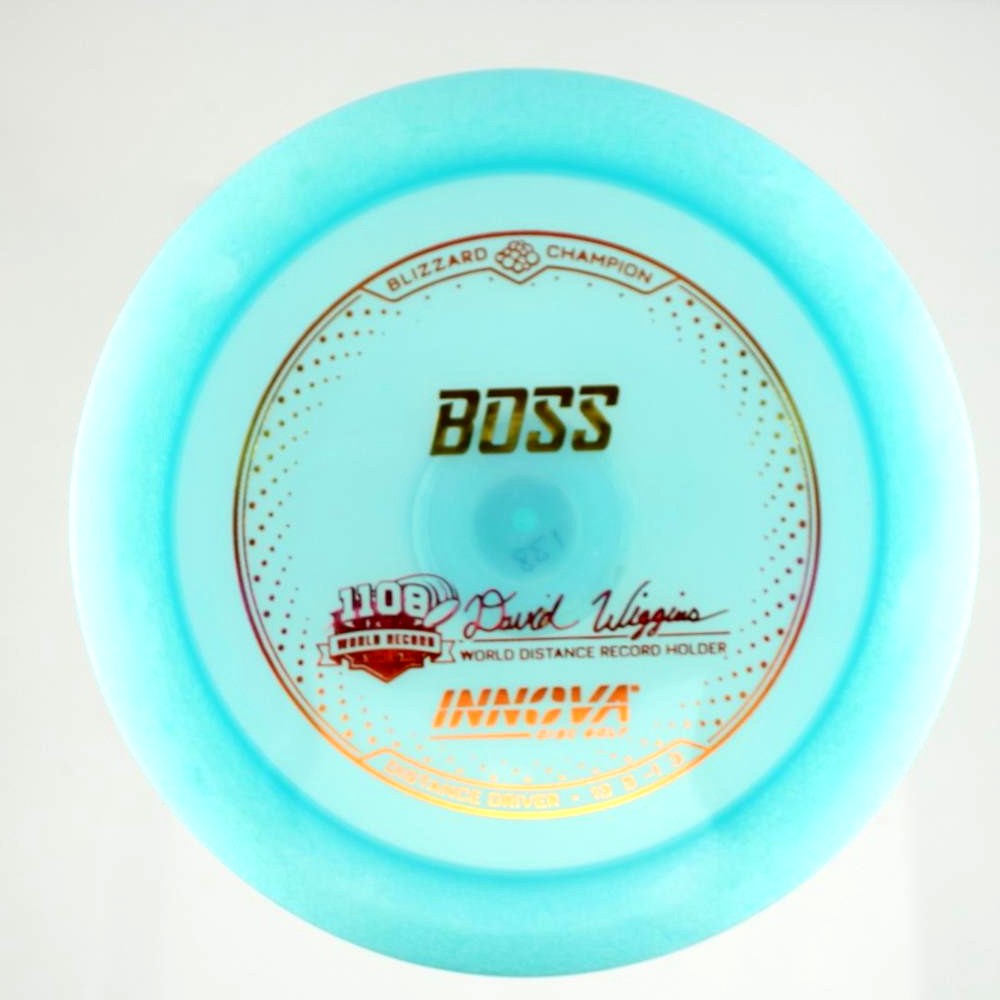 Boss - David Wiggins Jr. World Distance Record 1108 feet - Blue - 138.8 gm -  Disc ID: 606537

################

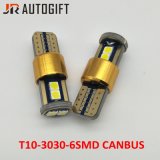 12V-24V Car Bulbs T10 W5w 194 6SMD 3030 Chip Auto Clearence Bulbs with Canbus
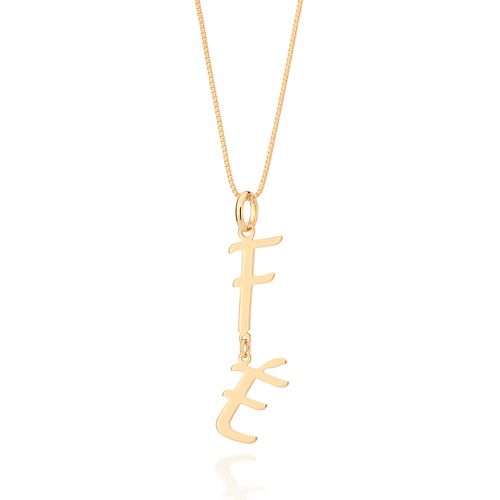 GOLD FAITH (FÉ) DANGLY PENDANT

################

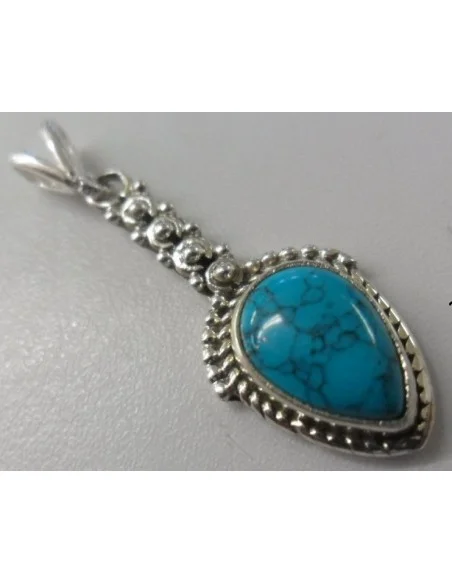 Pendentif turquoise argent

################

TASK BRIEF:
Word for word, repeat the lines above from the one with "12V-24V Car Bulbs" through the one with "GOLD FAITH (FÉ) DANGLY PENDANT", and nothing beyond them. Omit the pictures.

SOLUTION FOR THIS PROBLEM:
 12V-24V Car Bulbs T10 W5w 194 6SMD 3030 Chip Auto Clearence Bulbs with Canbus
 GOLD FAITH (FÉ) DANGLY PENDANT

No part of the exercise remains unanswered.